• Work item: When a line in the material contains the word "Circle", copy it.

Start of Block

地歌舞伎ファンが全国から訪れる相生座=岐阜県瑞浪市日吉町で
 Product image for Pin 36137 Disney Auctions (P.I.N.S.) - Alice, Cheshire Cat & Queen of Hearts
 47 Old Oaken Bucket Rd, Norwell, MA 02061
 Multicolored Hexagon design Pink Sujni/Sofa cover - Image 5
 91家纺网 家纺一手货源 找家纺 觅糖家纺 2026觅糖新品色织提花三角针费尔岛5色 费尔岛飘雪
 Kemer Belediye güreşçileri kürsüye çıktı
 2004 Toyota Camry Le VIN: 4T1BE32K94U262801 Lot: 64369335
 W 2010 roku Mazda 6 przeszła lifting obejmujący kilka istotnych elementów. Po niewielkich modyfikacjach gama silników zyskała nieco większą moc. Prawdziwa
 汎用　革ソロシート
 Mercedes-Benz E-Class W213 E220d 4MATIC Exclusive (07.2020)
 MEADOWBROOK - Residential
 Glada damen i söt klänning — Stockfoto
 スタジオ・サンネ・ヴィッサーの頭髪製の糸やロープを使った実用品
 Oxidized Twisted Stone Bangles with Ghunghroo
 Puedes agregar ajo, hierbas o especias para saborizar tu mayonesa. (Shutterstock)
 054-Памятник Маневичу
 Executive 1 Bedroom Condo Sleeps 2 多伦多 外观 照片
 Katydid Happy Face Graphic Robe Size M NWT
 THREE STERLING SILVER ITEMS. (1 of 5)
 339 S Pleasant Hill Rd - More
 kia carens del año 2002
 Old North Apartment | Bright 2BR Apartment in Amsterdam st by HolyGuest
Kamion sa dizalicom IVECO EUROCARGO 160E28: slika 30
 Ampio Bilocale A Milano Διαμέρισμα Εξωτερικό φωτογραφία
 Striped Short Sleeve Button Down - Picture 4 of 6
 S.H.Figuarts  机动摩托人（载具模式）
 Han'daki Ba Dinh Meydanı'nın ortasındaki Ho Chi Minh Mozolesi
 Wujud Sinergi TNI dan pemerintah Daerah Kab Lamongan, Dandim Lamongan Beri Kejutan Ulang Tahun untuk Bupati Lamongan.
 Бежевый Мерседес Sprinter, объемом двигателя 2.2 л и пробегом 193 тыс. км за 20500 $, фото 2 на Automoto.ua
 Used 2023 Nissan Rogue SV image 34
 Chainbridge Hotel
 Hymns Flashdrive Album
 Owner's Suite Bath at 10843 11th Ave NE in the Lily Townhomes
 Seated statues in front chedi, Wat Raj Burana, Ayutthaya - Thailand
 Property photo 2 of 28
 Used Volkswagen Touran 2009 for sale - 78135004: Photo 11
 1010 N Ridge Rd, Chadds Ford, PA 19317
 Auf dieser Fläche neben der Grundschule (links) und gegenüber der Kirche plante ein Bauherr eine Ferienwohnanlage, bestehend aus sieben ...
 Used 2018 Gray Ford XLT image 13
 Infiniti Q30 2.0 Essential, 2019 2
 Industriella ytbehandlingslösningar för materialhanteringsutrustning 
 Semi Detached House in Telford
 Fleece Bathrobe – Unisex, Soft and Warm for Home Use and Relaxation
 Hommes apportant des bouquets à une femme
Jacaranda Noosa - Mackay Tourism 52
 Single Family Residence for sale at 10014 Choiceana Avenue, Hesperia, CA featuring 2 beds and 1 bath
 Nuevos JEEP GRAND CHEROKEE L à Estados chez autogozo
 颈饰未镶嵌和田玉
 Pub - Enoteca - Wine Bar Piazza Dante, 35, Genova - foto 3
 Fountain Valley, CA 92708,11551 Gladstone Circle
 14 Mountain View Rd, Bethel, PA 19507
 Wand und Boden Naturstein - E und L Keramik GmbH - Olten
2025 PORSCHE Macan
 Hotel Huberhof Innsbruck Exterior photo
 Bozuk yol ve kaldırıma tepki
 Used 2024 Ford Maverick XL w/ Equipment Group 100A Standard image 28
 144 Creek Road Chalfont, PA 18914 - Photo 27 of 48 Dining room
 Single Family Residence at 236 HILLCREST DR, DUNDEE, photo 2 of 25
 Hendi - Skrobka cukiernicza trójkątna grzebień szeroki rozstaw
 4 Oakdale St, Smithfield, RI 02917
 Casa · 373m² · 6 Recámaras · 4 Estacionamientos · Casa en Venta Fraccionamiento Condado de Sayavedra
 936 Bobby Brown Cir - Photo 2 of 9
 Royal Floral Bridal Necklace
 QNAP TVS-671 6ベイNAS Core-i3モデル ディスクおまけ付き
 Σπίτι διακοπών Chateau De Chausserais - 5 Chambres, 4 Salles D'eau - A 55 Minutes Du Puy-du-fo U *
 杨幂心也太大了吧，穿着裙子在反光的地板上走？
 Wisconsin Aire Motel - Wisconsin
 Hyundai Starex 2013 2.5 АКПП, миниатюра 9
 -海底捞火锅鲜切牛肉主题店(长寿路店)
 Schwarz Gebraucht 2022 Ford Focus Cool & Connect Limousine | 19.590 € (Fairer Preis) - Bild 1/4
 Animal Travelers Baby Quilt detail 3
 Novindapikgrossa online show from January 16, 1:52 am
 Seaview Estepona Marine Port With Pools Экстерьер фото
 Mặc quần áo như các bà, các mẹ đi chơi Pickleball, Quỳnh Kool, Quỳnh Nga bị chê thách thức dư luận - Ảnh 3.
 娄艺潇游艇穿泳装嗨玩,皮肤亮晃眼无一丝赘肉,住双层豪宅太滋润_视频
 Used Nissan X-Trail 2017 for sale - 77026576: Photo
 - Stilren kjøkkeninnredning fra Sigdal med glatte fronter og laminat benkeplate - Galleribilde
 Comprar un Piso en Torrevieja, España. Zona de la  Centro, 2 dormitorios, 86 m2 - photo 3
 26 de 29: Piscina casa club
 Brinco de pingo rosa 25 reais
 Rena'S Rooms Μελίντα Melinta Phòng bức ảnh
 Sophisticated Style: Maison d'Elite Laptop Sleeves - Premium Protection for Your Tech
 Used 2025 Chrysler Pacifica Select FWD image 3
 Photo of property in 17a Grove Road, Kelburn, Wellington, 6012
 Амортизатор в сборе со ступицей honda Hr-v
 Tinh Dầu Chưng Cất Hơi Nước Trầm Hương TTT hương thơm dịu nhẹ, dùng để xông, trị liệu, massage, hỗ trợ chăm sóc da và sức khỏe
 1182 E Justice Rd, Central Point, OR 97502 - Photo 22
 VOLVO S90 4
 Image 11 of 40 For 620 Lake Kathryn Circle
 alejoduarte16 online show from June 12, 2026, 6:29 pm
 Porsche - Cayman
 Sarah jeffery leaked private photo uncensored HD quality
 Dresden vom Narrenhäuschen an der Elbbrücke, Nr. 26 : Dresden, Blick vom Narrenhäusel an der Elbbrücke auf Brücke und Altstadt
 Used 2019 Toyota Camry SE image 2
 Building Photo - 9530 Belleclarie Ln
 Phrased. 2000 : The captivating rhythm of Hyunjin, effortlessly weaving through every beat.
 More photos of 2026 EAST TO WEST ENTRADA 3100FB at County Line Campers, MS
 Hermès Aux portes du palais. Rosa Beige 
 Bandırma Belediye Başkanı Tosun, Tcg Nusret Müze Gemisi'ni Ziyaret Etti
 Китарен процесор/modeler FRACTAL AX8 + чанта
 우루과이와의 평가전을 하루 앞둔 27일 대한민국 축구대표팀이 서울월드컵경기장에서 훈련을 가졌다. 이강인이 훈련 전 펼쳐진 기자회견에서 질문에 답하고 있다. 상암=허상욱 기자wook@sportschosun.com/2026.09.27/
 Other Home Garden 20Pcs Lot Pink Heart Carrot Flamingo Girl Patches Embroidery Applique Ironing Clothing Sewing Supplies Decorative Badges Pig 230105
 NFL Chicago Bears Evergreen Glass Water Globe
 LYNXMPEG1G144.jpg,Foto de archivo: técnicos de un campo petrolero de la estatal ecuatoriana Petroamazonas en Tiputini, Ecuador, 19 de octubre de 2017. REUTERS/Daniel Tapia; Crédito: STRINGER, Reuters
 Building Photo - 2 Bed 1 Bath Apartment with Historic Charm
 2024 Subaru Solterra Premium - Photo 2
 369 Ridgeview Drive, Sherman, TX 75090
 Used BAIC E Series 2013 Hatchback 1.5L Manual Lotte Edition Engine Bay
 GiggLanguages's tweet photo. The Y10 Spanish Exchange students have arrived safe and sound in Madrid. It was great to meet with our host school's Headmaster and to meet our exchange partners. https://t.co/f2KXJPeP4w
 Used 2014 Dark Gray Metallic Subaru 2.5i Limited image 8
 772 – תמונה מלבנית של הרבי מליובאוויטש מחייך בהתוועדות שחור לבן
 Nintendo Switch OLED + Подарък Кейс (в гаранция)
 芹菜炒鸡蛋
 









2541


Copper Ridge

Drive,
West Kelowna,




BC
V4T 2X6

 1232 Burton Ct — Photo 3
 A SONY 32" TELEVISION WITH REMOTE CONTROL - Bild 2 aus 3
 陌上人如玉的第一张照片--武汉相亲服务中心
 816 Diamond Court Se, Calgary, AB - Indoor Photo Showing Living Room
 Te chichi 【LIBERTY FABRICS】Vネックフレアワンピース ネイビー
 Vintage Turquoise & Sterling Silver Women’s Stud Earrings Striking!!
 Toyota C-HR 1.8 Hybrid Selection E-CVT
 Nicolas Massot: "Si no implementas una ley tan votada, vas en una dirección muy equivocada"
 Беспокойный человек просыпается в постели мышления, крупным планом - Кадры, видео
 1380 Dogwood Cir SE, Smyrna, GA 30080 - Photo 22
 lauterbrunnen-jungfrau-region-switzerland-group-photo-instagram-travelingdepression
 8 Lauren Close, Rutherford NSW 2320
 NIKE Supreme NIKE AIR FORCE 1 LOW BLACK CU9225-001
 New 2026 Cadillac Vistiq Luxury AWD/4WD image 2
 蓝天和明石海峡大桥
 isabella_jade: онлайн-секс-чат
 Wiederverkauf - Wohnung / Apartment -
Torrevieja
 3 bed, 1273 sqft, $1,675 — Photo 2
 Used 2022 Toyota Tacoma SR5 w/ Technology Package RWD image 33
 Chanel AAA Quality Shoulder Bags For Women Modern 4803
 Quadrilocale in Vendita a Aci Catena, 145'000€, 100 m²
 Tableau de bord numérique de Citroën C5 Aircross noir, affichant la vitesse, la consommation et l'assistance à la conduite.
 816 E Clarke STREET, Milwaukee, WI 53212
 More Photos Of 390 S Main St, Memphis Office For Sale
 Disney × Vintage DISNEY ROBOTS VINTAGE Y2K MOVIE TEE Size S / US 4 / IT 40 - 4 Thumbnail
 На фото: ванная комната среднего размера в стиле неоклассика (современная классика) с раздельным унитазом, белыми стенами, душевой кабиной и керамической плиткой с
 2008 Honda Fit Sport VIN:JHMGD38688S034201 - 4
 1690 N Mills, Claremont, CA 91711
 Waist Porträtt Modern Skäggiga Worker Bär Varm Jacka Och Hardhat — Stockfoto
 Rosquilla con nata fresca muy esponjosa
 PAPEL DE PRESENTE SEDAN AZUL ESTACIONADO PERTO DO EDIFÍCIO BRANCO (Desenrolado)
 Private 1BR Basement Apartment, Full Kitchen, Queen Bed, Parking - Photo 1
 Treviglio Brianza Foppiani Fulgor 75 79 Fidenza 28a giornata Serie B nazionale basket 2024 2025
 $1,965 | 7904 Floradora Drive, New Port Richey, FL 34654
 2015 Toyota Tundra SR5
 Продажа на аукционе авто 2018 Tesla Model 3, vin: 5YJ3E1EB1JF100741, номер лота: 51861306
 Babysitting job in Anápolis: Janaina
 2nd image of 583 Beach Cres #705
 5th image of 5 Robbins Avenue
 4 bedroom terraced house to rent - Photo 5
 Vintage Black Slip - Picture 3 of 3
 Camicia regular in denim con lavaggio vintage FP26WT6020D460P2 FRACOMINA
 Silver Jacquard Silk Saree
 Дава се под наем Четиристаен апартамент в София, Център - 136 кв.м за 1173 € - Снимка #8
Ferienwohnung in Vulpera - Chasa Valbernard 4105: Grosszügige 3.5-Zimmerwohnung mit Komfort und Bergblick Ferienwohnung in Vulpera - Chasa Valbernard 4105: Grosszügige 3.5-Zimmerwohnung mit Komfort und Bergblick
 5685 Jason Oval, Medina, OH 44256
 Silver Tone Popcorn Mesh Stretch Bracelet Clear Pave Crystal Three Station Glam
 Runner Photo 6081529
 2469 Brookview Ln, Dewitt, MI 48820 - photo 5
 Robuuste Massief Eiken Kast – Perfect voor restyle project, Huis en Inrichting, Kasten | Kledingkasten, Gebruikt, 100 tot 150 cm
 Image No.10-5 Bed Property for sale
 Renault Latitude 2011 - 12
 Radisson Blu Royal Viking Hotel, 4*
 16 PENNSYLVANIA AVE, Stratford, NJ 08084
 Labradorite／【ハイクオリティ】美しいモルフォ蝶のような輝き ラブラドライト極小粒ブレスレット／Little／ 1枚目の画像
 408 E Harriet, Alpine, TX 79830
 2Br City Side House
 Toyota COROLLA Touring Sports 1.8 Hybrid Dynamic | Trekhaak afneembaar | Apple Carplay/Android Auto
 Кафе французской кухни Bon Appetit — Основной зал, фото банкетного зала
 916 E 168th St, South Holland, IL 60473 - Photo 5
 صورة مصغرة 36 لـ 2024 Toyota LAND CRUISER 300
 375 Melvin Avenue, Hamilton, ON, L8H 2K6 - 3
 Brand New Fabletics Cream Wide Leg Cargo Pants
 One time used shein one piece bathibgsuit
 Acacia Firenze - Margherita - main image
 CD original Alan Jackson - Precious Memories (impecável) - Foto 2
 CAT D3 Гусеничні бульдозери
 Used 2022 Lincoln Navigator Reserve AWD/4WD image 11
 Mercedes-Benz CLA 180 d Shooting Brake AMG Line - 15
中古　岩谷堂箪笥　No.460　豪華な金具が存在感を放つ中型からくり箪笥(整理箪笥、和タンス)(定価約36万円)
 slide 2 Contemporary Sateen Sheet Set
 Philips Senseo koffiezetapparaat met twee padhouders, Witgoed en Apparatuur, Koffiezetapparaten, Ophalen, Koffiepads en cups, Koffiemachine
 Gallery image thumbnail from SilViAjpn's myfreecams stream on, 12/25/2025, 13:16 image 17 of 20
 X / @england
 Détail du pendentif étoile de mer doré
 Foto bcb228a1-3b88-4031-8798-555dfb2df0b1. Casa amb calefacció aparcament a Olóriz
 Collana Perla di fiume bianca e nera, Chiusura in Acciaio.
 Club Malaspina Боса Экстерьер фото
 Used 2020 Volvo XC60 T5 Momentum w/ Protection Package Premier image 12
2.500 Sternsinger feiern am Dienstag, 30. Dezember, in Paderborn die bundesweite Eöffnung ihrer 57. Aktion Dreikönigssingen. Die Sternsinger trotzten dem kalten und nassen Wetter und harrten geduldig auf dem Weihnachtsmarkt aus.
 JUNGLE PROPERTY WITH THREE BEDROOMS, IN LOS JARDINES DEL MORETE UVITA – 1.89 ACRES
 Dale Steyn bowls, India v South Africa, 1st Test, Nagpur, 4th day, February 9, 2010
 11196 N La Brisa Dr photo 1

End of Block

• Finished exercise:
 Fountain Valley, CA 92708,11551 Gladstone Circle
 Image 11 of 40 For 620 Lake Kathryn Circle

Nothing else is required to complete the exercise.